Starting >>> ros2doctor
07:28:05 ============================= test session starts ==============================
07:28:05 platform linux -- Python 3.8.10, pytest-6.2.5, py-1.11.0, pluggy-1.0.0
07:28:05 cachedir: /home/jenkins-agent/workspace/nightly_linux_repeated/ws/build/ros2doctor/.pytest_cache
07:28:05 rootdir: /home/jenkins-agent/workspace/nightly_linux_repeated/ws/src/ros2/ros2cli, configfile: pytest.ini
07:28:05 plugins: launch-testing-ros-0.17.0, launch-testing-0.21.0, ament-xmllint-0.11.4, ament-copyright-0.11.4, ament-pep257-0.11.4, ament-flake8-0.11.4, ament-lint-0.11.4, mock-3.7.0, rerunfailures-10.2, cov-3.0.0, repeat-0.9.1, colcon-core-0.7.1
07:28:06 collecting ...
07:28:06 collected 15 items / 12 deselected / 3 selected
07:28:06
07:28:08 test/test_api.py .
- https://ci.ros2.org/job/nightly_linux-rhel_repeated/1022
- https://ci.ros2.org/job/nightly_linux-rhel_repeated/1023
- https://ci.ros2.org/job/nightly_linux_repeated/2549
It happened today as well: https://ci.ros2.org/job/nightly_linux-rhel_repeated/1024/
A wild guess is that the change from CycloneDDS -> Fast-DDS as the default RMW is causing this.

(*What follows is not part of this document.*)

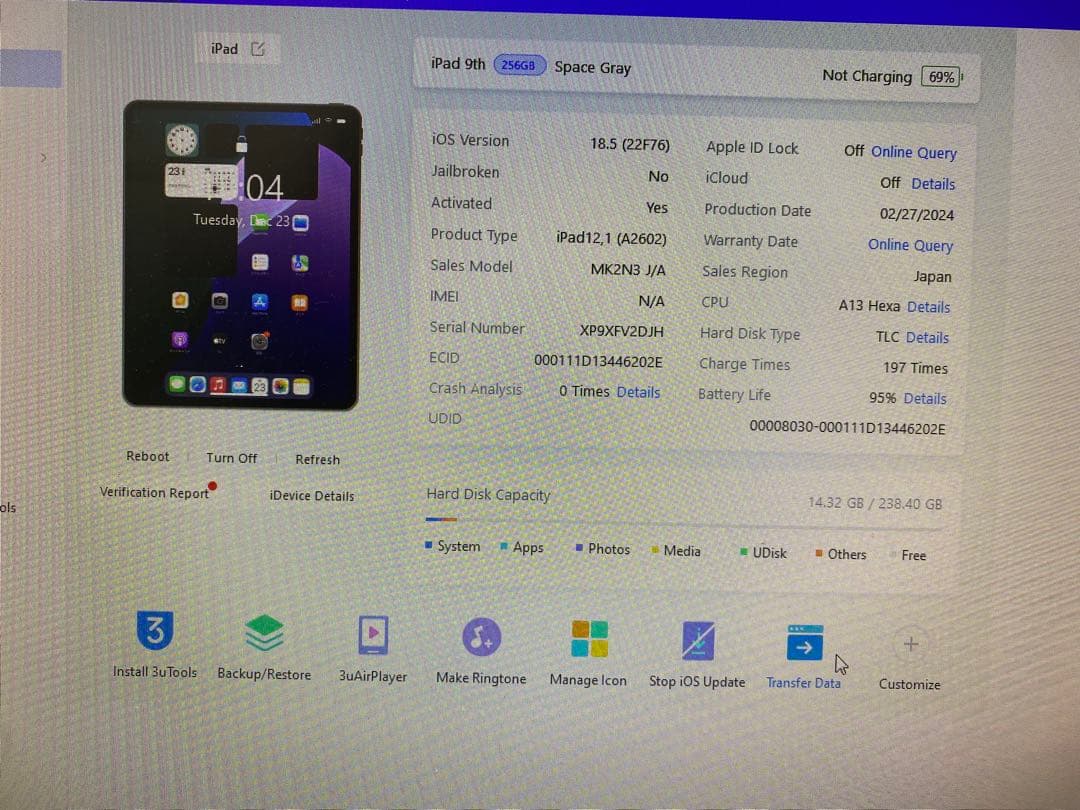 iPad 第9世代 256GB 本体 V2DJH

If it is reproducible, I'll suggest running a CI build against a branch where https://github.com/ros2/rmw/pull/315 is reverted to see if it helps.
But that PR is for some days ago, I don't think it's related. Although I don't see any differences between the repos on the first case and the previous one.

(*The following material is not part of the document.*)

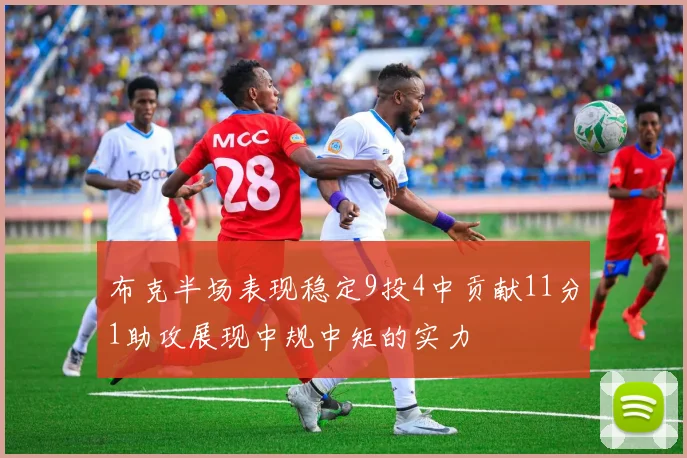 布克半场表现稳定9投4中贡献11分1助攻展现中规中矩的实力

I'll run a check to see if I can reproduce it only using ros2doctor on rhel, which seems to be the current reliable case.
Current hypothesis is that actually ros2action fails, leaves in a "unrecoverable state" and then ros2doctor. Running CI again, this time with ros2action as well.

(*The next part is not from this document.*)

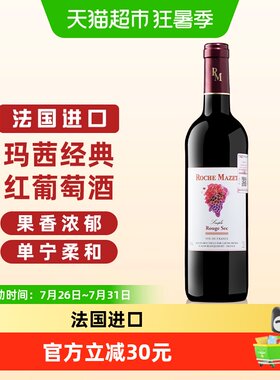 玛茜法国原瓶进口经典红葡萄酒
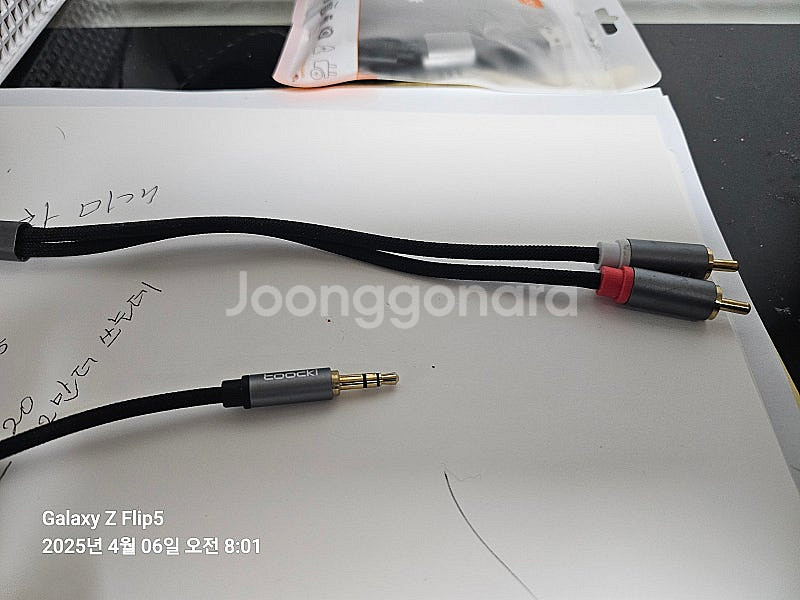 2rca 3.5 케이블--0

Adding launch_testing_ros:
(Not new clues with these green results)
Another new instance I had to kill: https://ci.ros2.org/job/nightly_linux-aarch64_repeated/1858/
~~Happened today to me as well, trying to build ROS Foxy binaries for Debian Buster, hanging for over an hour on test_cli.py of ros2topic.~~
I just had to wait a little longer, I'm dealing with a somewhat slow build server.
Newer cases:
https://ci.ros2.org/job/nightly_linux_repeated/2560/ https://ci.ros2.org/job/nightly_linux-aarch64_repeated/1867/
I aborted the below jobs due to these hangs.
- https://ci.ros2.org/job/nightly_linux_repeated/2561/
- https://ci.ros2.org/job/nightly_linux-rhel_repeated/1035
Another instance I have just aborted: https://ci.ros2.org/job/nightly_linux-aarch64_repeated/1875/
https://ci.ros2.org/job/nightly_linux-rhel_repeated/1045/
I thought about closing this one and then I saw this in the ci_windows: https://ci.ros2.org/job/ci_windows/16645/
I am not sure it's exactly the same error, it fails earlier, but It's probably related.
EDIT: I don't think it's directly related as the attached job is testing a custom ci branch using foxy.